## EXERCISE DATA

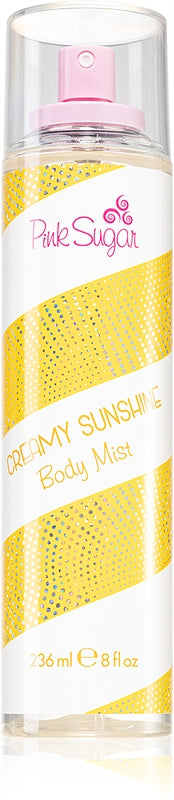 Aquolina Pink Sugar Creamy Sunshine BOR W 236 ml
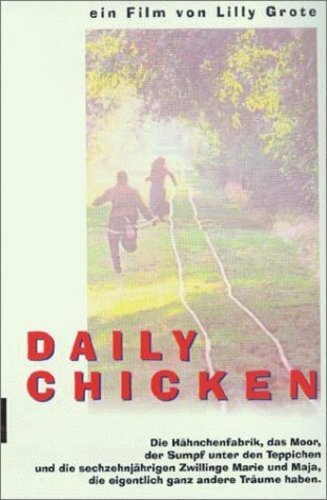 Daily Chicken (1997) постер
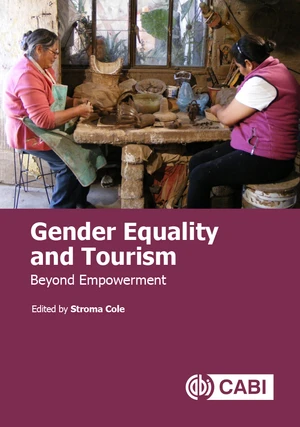 Gender Equality and Tourism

## TO DO
Nothing but the lines from the one that holds "Daily Chicken (1997) постер" through the end of the data should appear, written out exactly, without pictures.

## TASK SOLUTION
 Daily Chicken (1997) постер
 Gender Equality and Tourism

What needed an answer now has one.